Long-Read Assemblers¶
- Long-read assemblers handle fewer, longer sequences using OLC algorithms
- Can span entire genes and repetitive regions
- Optimized for platforms like PacBio and ONT.
- Higher error rates (can be corrected by short reads or polishing)
Examples of Long-Read Assemblers for Bacterial Genomes¶
-
FLYE (Recommended for most bacterial genomes)
-
Excellent for PacBio and Oxford Nanopore
- Good repeat resolution
-
Usage: flye --nano-raw reads.fastq --out-dir output --genome-size 4.5m
-
Canu (High accuracy, slower)
-
Gold standard for accuracy
- Requires significant computational resources
-
Usage: canu -p prefix -d output genomeSize=4.5m -nanopore reads.fastq
-
Unicycler (Hybrid approach)
-
Combines short and long reads
- Excellent for complete genomes
-
Usage: unicycler -1 short_R1.fq -2 short_R2.fq -l long_reads.fq -o output
-
Raven (Fast, lightweight)
-
Quick assemblies for preliminary analysis
- Good for large datasets
-
Usage: raven reads.fastq > assembly.fasta
-
NextDenovo (High accuracy for Nanopore)
-
Specialized for Oxford Nanopore data
- Good error correction
- Usage: nextDenovo config.txt
Polishing Tools:
- Medaka (Nanopore): medaka_consensus -i reads.fastq -d assembly.fasta -o polished
- Pilon (with short reads): pilon --genome assembly.fasta --frags mapped_reads.bam
- Racon: racon reads.fastq mappings.paf assembly.fasta
Hybrid Assemblers¶
- Combine short and long reads, integrating DBG and OLC methods for improved accuracy and contiguity.

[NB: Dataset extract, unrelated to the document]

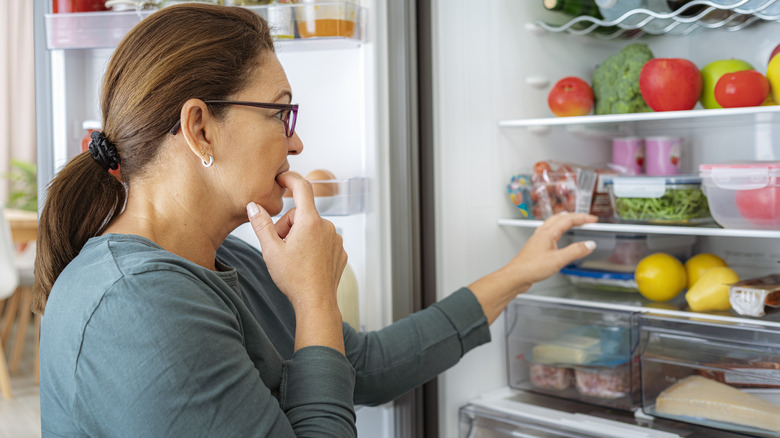 Woman looking in refrigerator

- Balances accuracy (short reads) and completeness (long reads, resolving repeats and structural variants)
- Requires careful data integration
- Unicycler, MaSuRCA
Reference-guided Assembly¶
- Works well given a closely related reference genome
- Aligns reads to a reference genome and fills gaps
- Faster and less computationally demanding
- May miss novel sequences or structural variations
NOTE¶
Assembly Strategy | Subtypes | Read Type Compatibility | Examples | Notes |
---|---|---|---|---|
De novo assembly | DBG, OLC, Hybrid | Short, long, hybrid | Velvet, SPAdes, Canu, Flye, MaSuRCA, UniCycler | No reference genome used |
Reference-guided assembly | Mapping-based | Short, long | BWA, Bowtie2, Novoalign, Minimap2 | Aligns reads to a known reference genome |
Assembler Selection Factors¶
Choosing an assembler depends on" - Sequencing technology, - Project goals, and - Available computational resources.
Best Practices for Genome Assembly¶
- Start with high-quality, high-coverage sequencing data to improve the accuracy of the assembly.
- Try multiple assemblers and compare results, as different tools may perform better for different data types.
- Use iterative rounds of assembly, scaffolding, and polishing to gradually improve the assembly.
- Validate the final assembly using independent data, such as long-read sequencing or optical mapping.
- Keep detailed records of all parameters and steps used in the assembly process for reproducibility.